Homework Assignment 7

Slide Puzzle


Overview:

Sliding tile puzzles (follow this link for an interactive puzzle) are common children's games and party favors. The slide puzzle consists of a three by three board with eight numbered tiles and a blank space, denoted by a zero. A tile adjacent to the blank space can slide into the space. The objective is to figure out the steps needed to get from one configuration (which is is an arbitrary arrangement of the tiles), for example,

1 2 3
4 0 5
7 8 6

to the goal configuration:

1 2 3
4 5 6
7 8 0

Finding such a solution of the general n2 - 1 puzzle is known to be NP-complete, and furthermore, the best known algorithm for solving the eight puzzle optimally is A*.


Objectives:


Assignment:

In this assignment you will implement a program that uses BFS search and A* search to solve the Eight Puzzle game. Your program will take an initial board position, and then try to find a sequence of moves from the initial position to the goal position. Moves are represented by moving the blank space left, right, up, or down. For example, suppose we wanted to solve the puzzle shown above. This could be accomplished by the following sequence of moves (we represent a move as the direction the empty space moved):

 1 2 3     1 2 3     1 2 3
 4 0 5  R  4 5 0  D  4 5 6
 7 8 6     7 8 6     7 8 0
 initial             goal

where R=right, L=left, U=up, D=down. So we can solve this puzzle with the sequence of moves "RD".


Game Tree:

Given the initial board:

1 2 3
4 0 6
7 5 8

we can determine all the boards that are one move away

The next boards

Repeating this recursively will create a game tree of boards with the initial puzzle at the root

A tree representation of the problem space

This is not a binary tree. Some nodes have two children, some have three, and some have four. Also note that the tree has no leaf nodes, since every board can be transformed into another board by moving a tile. As a consequence of this, there is an infinite number of nodes in our tree.
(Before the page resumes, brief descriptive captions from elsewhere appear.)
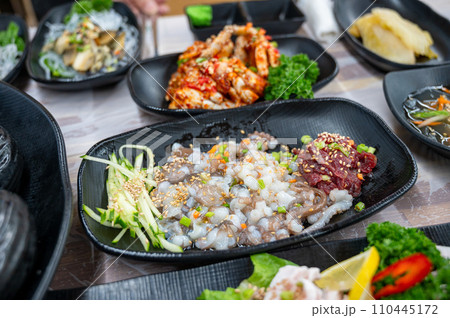 Korean food. Sliced raw beef and live octopus Korean food. Sliced raw beef and live octopus 110445172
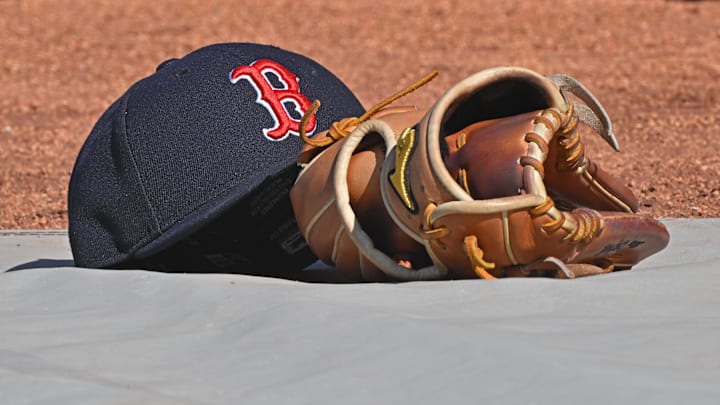 May 10, 2025; Kansas City, Missouri, USA;  A general view of a Boston Red Sox's cap and glove on the field before a game against the Kansas City Royals at Kauffman Stadium. Mandatory Credit: Peter Aiken-Imagn Images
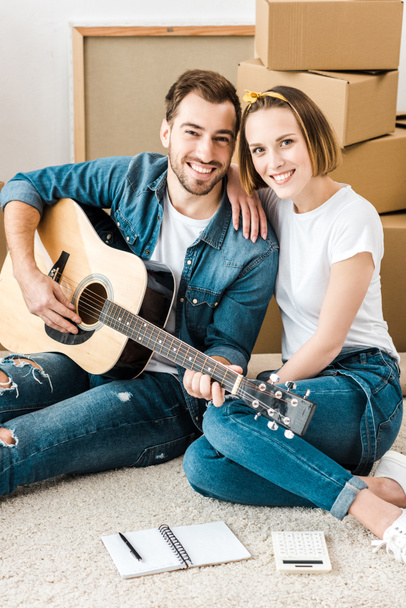 Χαμογελαστός άνθρωπος κάθεται στο χαλί με τη γυναίκα και παίζοντας ακουστική κιθάρα - Φωτογραφία, εικόνα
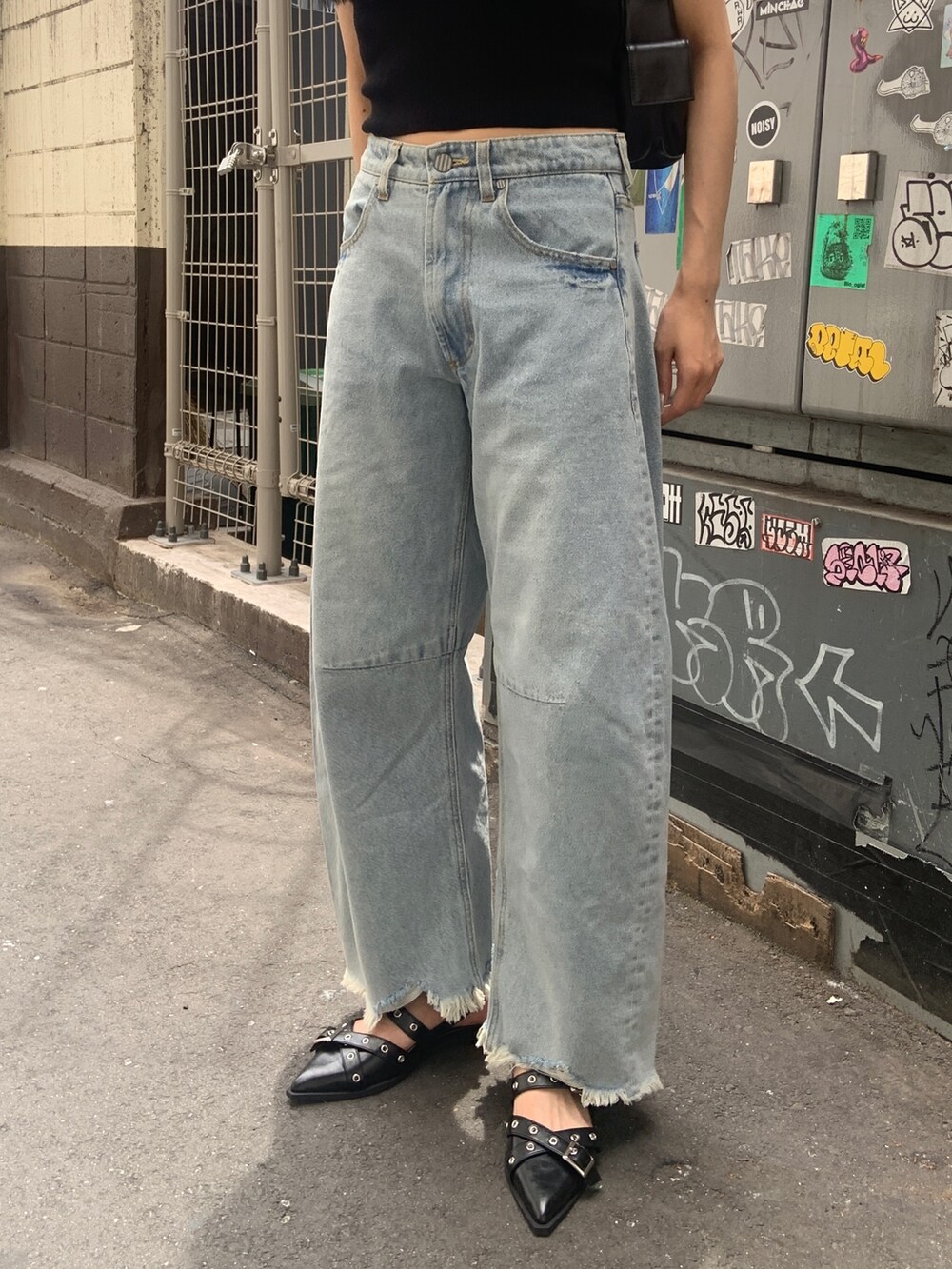 ブラック系のニット/セーター、ブルー系のデニムパンツ、ブラック系のパンプスを着用したレディースの夏コーディネートの4枚目の写真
We label the edges connecting the nodes in the tree according to the empty space move. That it is, instead of thinking of moving a specific tile in a specific direction, we can think of moving the empty space in the opposite direction.

With this representation, we are interested in the finding the shortest path from the root node to the solution node.

Here are some questions to consider about the puzzle:

Does every board have a solution? No. All solvable puzzles must be rearrangements (via moving the empty space around) of the solved puzzle. It is possible to make a board that does not fit this description (for example, consider physically breaking a tile out of the puzzle and putting it somewhere else). We will only concern ourselves with solvable puzzles.
Does every board have a unique solution? No. Consider a solution to a puzzle. Now add a cycle to that solution (such as "move the empty space to the right and then back to the left") and we have another solution.
Does every board have a unique OPTIMAL solution? Not necessarily. There could be several shortest paths to a goal board. Your program should return just one of them.

Game board:

A board is represented by an instance of the TileBoard class using a string of the puzzle tiles (0 is the empty space). For example, the puzzle:

1 4 6
0 2 3
6 8 7

is stored as "146023687". The class also stores the sequence of moves (a string "LURD..." etc)generated from the start board to this board.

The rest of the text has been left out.